[[ Given data open ]]

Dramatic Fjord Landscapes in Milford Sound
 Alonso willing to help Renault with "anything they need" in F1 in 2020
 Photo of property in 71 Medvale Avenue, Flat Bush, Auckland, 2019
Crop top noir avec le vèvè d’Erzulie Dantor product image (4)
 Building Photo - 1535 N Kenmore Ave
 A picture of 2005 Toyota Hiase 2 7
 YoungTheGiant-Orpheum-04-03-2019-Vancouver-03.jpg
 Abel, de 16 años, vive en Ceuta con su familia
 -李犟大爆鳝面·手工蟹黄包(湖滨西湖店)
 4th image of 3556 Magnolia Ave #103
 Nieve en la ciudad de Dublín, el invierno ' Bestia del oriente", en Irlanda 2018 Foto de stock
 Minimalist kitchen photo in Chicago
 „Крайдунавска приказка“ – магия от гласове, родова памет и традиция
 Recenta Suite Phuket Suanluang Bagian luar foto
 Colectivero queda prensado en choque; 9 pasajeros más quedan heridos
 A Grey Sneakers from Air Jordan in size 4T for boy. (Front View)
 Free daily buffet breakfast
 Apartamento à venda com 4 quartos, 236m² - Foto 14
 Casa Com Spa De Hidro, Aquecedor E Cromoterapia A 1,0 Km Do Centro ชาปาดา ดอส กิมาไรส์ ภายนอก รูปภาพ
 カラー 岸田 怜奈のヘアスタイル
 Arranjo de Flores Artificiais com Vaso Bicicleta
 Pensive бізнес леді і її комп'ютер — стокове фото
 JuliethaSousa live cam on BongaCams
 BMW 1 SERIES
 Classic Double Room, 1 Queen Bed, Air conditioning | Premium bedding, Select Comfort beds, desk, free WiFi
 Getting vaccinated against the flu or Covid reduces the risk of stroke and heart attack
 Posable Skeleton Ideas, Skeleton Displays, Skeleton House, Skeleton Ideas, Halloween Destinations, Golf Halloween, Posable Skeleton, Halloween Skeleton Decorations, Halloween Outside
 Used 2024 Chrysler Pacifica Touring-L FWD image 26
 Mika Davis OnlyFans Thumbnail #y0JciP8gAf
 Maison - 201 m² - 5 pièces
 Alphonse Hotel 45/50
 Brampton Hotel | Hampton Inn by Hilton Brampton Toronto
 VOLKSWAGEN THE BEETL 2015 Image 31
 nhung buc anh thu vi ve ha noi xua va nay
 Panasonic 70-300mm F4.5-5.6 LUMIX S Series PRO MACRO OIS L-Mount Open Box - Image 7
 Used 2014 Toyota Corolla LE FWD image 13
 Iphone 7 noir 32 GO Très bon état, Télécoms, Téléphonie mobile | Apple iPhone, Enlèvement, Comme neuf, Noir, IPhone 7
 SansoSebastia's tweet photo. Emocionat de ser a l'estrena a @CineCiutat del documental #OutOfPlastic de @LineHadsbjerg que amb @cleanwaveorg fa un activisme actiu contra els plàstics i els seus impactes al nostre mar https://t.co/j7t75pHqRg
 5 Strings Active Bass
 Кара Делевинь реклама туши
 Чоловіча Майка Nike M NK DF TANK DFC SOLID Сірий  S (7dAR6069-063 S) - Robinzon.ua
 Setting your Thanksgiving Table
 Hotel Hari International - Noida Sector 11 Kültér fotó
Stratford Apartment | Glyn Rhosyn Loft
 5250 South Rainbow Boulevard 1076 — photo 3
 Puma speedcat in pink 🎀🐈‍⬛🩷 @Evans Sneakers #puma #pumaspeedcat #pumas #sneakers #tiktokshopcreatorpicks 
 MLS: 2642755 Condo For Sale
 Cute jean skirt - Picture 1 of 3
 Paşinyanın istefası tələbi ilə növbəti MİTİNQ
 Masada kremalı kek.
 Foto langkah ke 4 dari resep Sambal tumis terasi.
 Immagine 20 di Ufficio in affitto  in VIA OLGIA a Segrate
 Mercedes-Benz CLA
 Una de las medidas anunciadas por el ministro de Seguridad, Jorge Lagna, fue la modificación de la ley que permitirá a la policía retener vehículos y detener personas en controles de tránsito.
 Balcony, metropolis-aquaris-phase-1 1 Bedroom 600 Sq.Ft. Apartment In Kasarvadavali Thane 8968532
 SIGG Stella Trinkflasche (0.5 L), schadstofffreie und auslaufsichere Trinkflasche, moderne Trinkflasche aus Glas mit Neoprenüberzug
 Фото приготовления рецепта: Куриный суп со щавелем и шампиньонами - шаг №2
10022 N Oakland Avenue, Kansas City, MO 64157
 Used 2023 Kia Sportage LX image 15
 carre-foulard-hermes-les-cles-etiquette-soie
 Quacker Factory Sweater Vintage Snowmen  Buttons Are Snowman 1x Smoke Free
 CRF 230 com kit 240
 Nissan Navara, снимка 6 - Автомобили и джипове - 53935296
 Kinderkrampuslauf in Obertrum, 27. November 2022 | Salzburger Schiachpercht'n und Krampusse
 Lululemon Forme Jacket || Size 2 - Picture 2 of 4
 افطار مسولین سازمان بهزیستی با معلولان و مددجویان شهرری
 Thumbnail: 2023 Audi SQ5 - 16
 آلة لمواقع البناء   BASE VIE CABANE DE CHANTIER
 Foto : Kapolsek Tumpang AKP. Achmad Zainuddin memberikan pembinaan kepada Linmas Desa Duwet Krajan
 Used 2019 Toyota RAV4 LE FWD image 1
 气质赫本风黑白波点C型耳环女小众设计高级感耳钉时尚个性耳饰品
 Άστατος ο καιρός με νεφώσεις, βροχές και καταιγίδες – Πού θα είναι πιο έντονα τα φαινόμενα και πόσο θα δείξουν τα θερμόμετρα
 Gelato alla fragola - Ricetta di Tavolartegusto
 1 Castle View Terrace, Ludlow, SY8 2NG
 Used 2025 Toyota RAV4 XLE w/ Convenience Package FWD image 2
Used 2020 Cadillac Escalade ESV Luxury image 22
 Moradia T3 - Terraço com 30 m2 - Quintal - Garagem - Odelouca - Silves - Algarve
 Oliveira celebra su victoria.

[[ Given data closed ]]

**Assignment**
Give back, exactly as written, the stretch from the line with "Quacker Factory Sweater" through the line with "Used 2025 Toyota", and no other lines from the records above.

**Written response**
 Quacker Factory Sweater Vintage Snowmen  Buttons Are Snowman 1x Smoke Free
 CRF 230 com kit 240
 Nissan Navara, снимка 6 - Автомобили и джипове - 53935296
 Kinderkrampuslauf in Obertrum, 27. November 2022 | Salzburger Schiachpercht'n und Krampusse
 Lululemon Forme Jacket || Size 2 - Picture 2 of 4
 افطار مسولین سازمان بهزیستی با معلولان و مددجویان شهرری
 Thumbnail: 2023 Audi SQ5 - 16
 آلة لمواقع البناء   BASE VIE CABANE DE CHANTIER
 Foto : Kapolsek Tumpang AKP. Achmad Zainuddin memberikan pembinaan kepada Linmas Desa Duwet Krajan
 Used 2019 Toyota RAV4 LE FWD image 1
 气质赫本风黑白波点C型耳环女小众设计高级感耳钉时尚个性耳饰品
 Άστατος ο καιρός με νεφώσεις, βροχές και καταιγίδες – Πού θα είναι πιο έντονα τα φαινόμενα και πόσο θα δείξουν τα θερμόμετρα
 Gelato alla fragola - Ricetta di Tavolartegusto
 1 Castle View Terrace, Ludlow, SY8 2NG
 Used 2025 Toyota RAV4 XLE w/ Convenience Package FWD image 2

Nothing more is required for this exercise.